Re: [PATCH v6 13/16] mm: introduce vma_ensure_detached()
From: Peter Zijlstra
Date: Tue Dec 17 2024 - 05:26:56 EST
On Mon, Dec 16, 2024 at 11:24:16AM -0800, Suren Baghdasaryan wrote:
> vma_start_read() can temporarily raise vm_refcnt of a write-locked and
> detached vma:
>
> // vm_refcnt==1 (attached)
> vma_start_write()
> vma->vm_lock_seq = mm->mm_lock_seq
>
> vma_start_read()
> vm_refcnt++; // vm_refcnt==2
>
> vma_mark_detached()
> vm_refcnt--; // vm_refcnt==1
>
> // vma is detached but vm_refcnt!=0 temporarily
>
> if (vma->vm_lock_seq == mm->mm_lock_seq)
> vma_refcount_put()
> vm_refcnt--; // vm_refcnt==0
>
> This is currently not a problem when freeing the vma because RCU grace
> period should pass before kmem_cache_free(vma) gets called and by that
> time vma_start_read() should be done and vm_refcnt is 0. However once
> we introduce possibility of vma reuse before RCU grace period is over,
> this will become a problem (reused vma might be in non-detached state).

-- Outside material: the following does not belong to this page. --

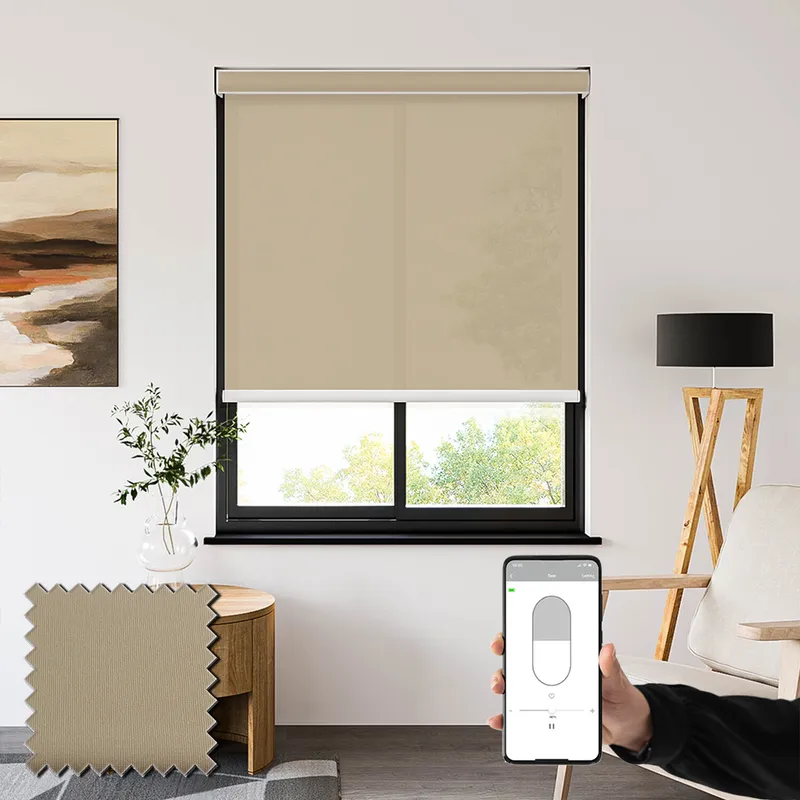Seclusion Cream Battery Powered Electric Roller Blinds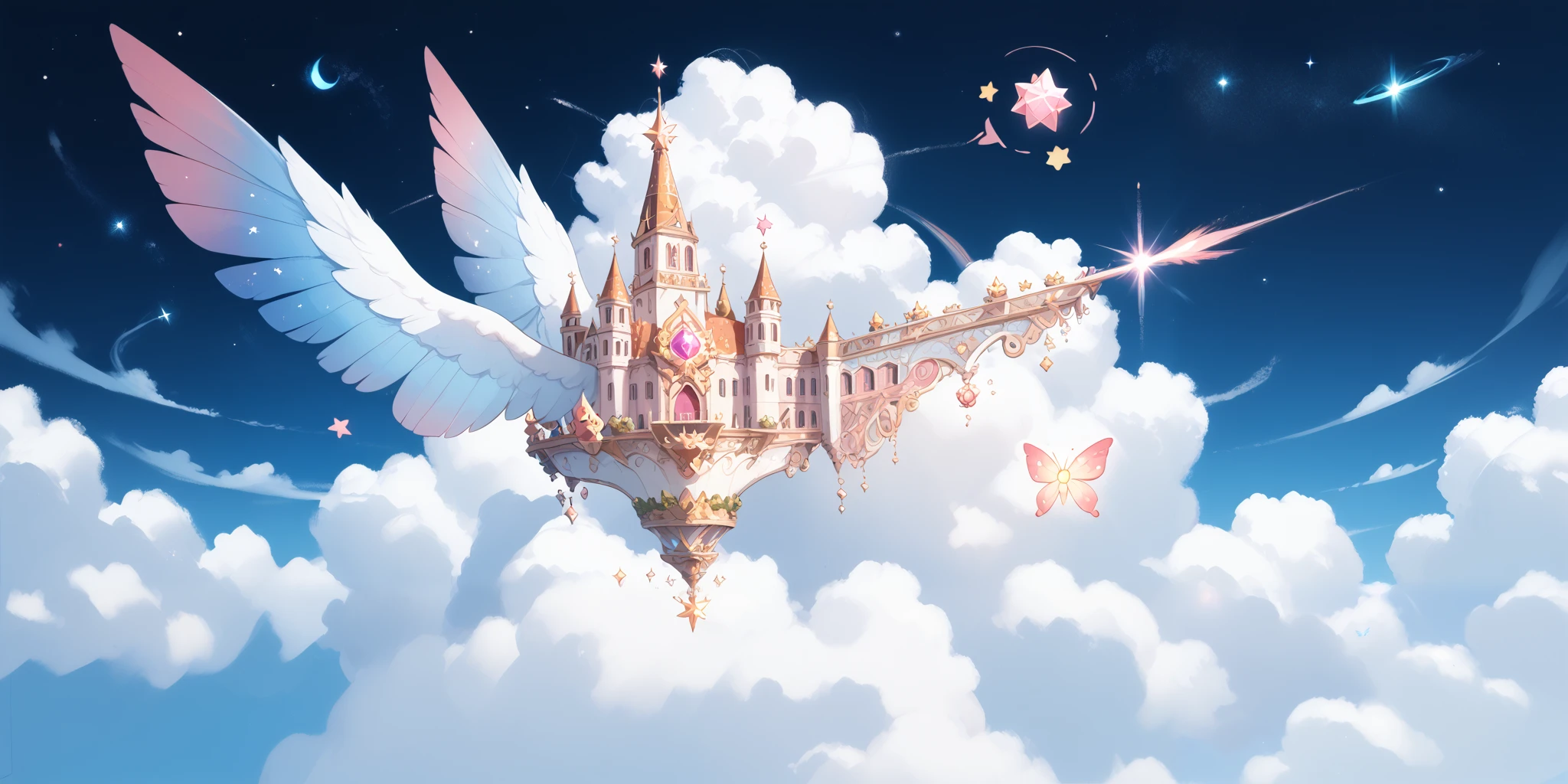 A grand magical tower surrounded by glowing runes and floating question marks. The setting is whimsical and enchanting, with a mix of stars and clouds.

> Introduce vma_ensure_detached() for the writer to wait for readers until
> they exit vma_start_read().
So aside from the lockdep problem (which I think is fixable), the normal
way to fix the above is to make dec_and_test() do the kmem_cache_free().
Then the last user does the free and everything just works.